[Extracted data entries]
----
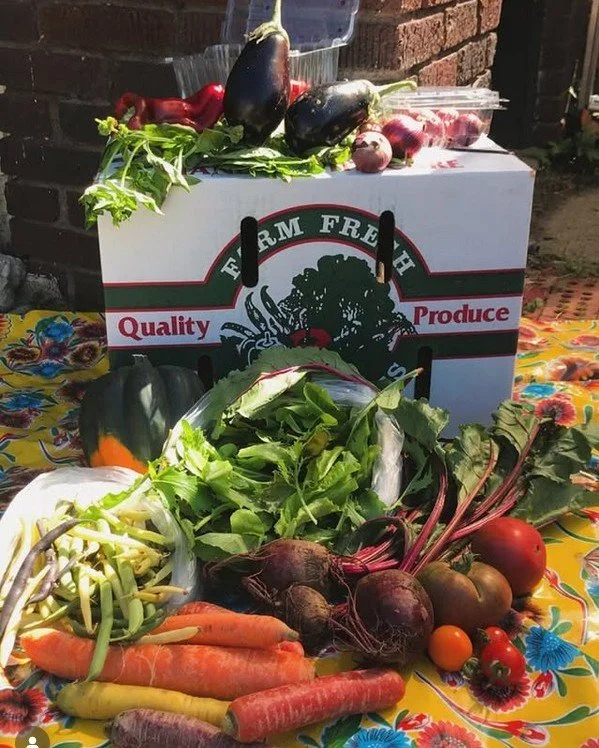 Does your new years resolution involve eating more veggies? Or maybe shrinking your carbon footprint? Or lowing your cholesterol by getting more fiber? Or maybe you just need more beauty in your life?

Sign ups for our 2026 CSA Subscriptions are live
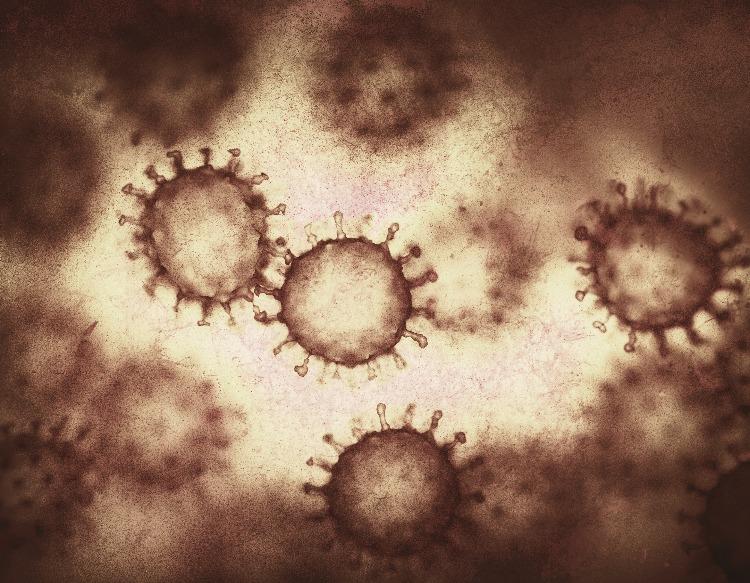 replikation von coronaviren in den atemswegen bei einer infektion mit sars cov 2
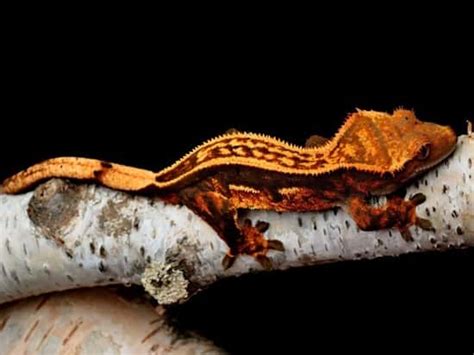 The Many Types Of Geckos Tail And Fur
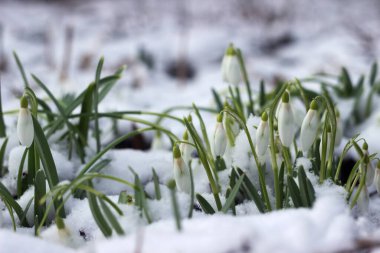 İlkbaharda karların arasında kar damlaları. Çiçek arkaplan. Doğanın Uyanışı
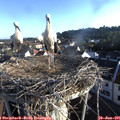 07_00-nest.jpg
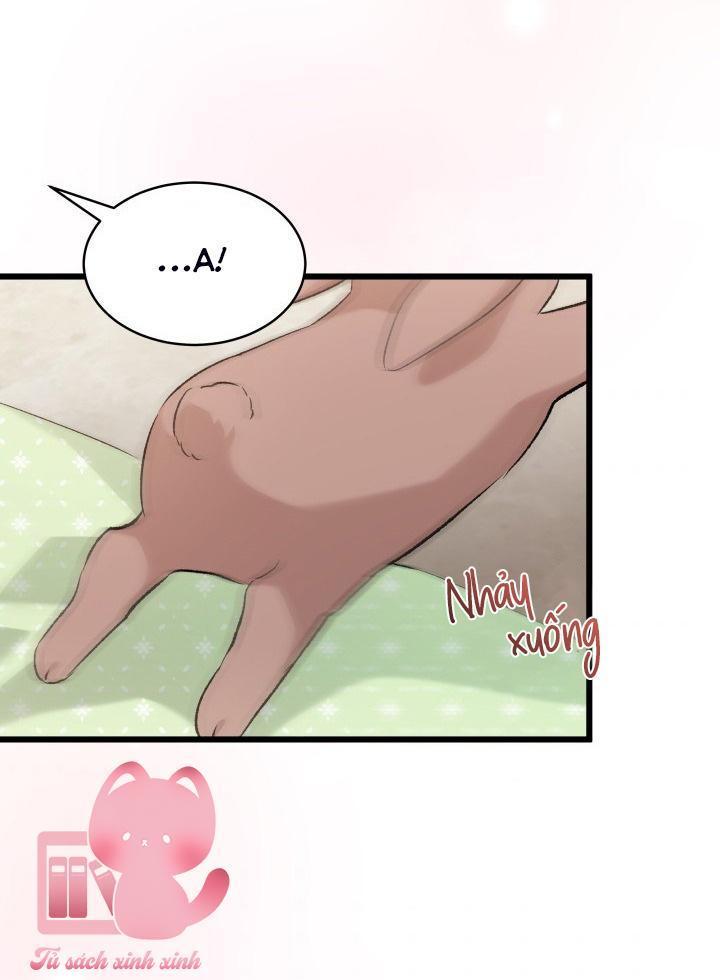 quan hệ cộng sinh giữa báo đen và thỏ trắng chapter 76 21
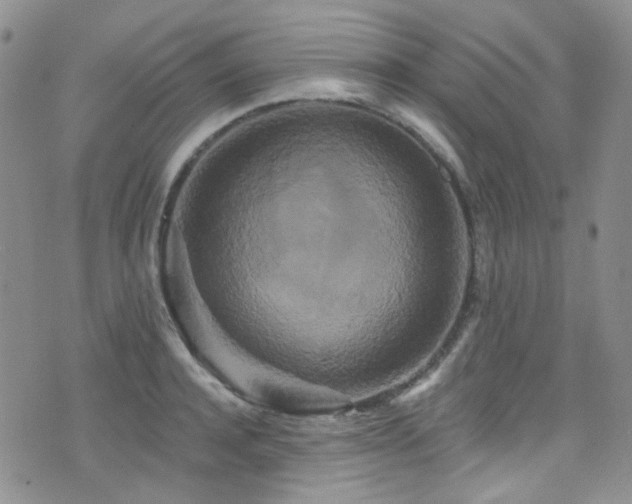 X0000076100944200609221219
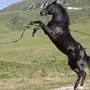 Кабардинские Лошади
----
Could you output all the entries above exactly as written, leaving out the pictures?

 Does your new years resolution involve eating more veggies? Or maybe shrinking your carbon footprint? Or lowing your cholesterol by getting more fiber? Or maybe you just need more beauty in your life?

Sign ups for our 2026 CSA Subscriptions are live
 replikation von coronaviren in den atemswegen bei einer infektion mit sars cov 2
 The Many Types Of Geckos Tail And Fur
 İlkbaharda karların arasında kar damlaları. Çiçek arkaplan. Doğanın Uyanışı
 07_00-nest.jpg
 quan hệ cộng sinh giữa báo đen và thỏ trắng chapter 76 21
 X0000076100944200609221219
 Кабардинские Лошади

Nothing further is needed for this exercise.